Долгое время люди последовательно и настойчиво убивали в себе интуицию, сопереживание кому-либо, бескорыстную любовь, подменяя все это – рационализмом. Может быть, отсюда тотальная невосприимчивость к изобразительному искусству. Пока им не вдолбят, что Ван Гог великий художник, они ему тарелку супа не нальют за предлагаемую им картинку. Зато как только вобьют это знание – их же правнуки метут те же картинки за десятки миллионов. Жаль их, они несчастны в своем убожестве, бестолковости и слепоте. Есть еще разновидность ценителей, которые делают вид, что понимают изобразительное искусство: прищуриваются, корчат гримасы, глядя на произведение. Арт-критики такие встречаются, их тоже жаль. Чиновники, которые решают, кому заказывать монументальную живопись, патриотические памятники, городскую скульптуру. Этих жаль тоже, так как они в результате лишаются своих постов, но несравнимо больше жаль города, а еще больше людей, которые рождаются, мучаются и умирают до срока, глядя на предлагаемое им искусство.
А вот такие скульпторы, как Аниш Капур, Джефф Кунс и их апологеты, удивляющие современными техническими возможностями, без сарказма, мне очень нравятся. Они делают так, что в городской среде появляется чистая форма, пусть механическая, зато идеально выполненная, идеально отражающая окружение. Прикольно, позитивно влияет на внутреннее состояние.
А сам-то ты в чем ты видишь смысл искусства, резонно спросите вы. Я бы ответил так: настоящий мастер, конечно, должен, заикаясь и почесывая затылок, мычать что-то абстрактное, невразумительное. Но я по своей простоте и заскорузлости отвечу прямо. Меня занимает влияние изобразительного искусства на психосферу разных существ и людей, населяющих нашу планету. На психосферу самой планеты. Джазовый саксофонист Орнетт Коулман, если не ошибаюсь, считал, что смысл искусства в том, чтобы напомнить людям о вечности и вечной любви. Вполне благородная, на мой взгляд, задача.

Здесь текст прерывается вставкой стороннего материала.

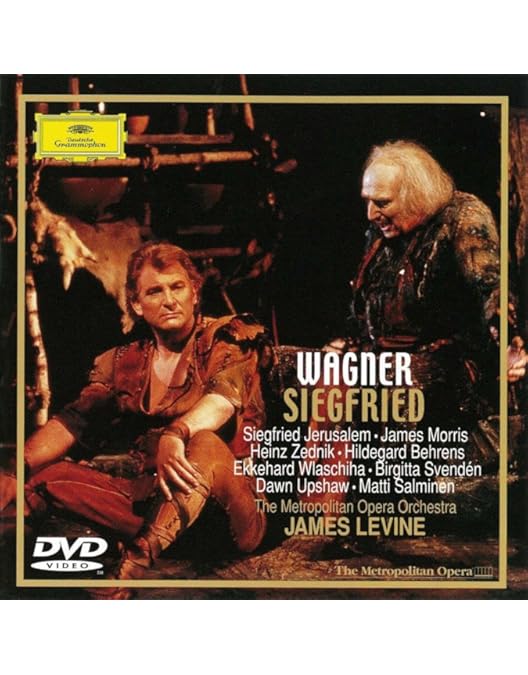 Amazon.co.jp: ニーベルングの指環*楽劇 [DVD] : モリス(ジェームズ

Я лично в своих произведениях пытаюсь передать ощущение, подобное тому, что получаешь от легкого удара головой о связку лука, висящую в темном помещении. Уверен: если своими произведениями мы будем добиваться подобного чувства у зрителя, не халтурить, продвигаясь от работы к работе, это положительно будет влиять на общую психосферу и мы с вами постепенно будем ее улучшать.
Выдающиеся аферисты от скульптуры породили множество посредственных последователей, а те, в свою очередь, породили их еще больше, к тому же ниже рангом. Обывателю, задерганному бытовыми трудностями, бывает нелегко различить хорошее в массе посредственности. Хуже того – существует насмотренность на плохую скульптуру, и обыватель часто принимает ее за вполне приличную или даже хорошую. По этой причине выигрываются конкурсы. Скверно подготовленные, эти «творцы» постоянно обижаются на дельные советы художников. Я имею ввиду советы учиться смотреть и видеть. Различать: где, когда и что было; что чем было вытеснено; что и почему заимствовано; откуда чем дополнено; с какой целью взялось. Этим «творцам», увы, не приходит в голову, что уметь воспринимать скульптуру дается нелегко, и это почетно, потому что за ним стоят долгие годы изучения и самовоспитания. Это вам не точные науки, где надо творить головой. Тут больше сердцем, духом, пробужденным кундалини, талантом. Состояние творческой медитации, как и простой, приходит не сразу.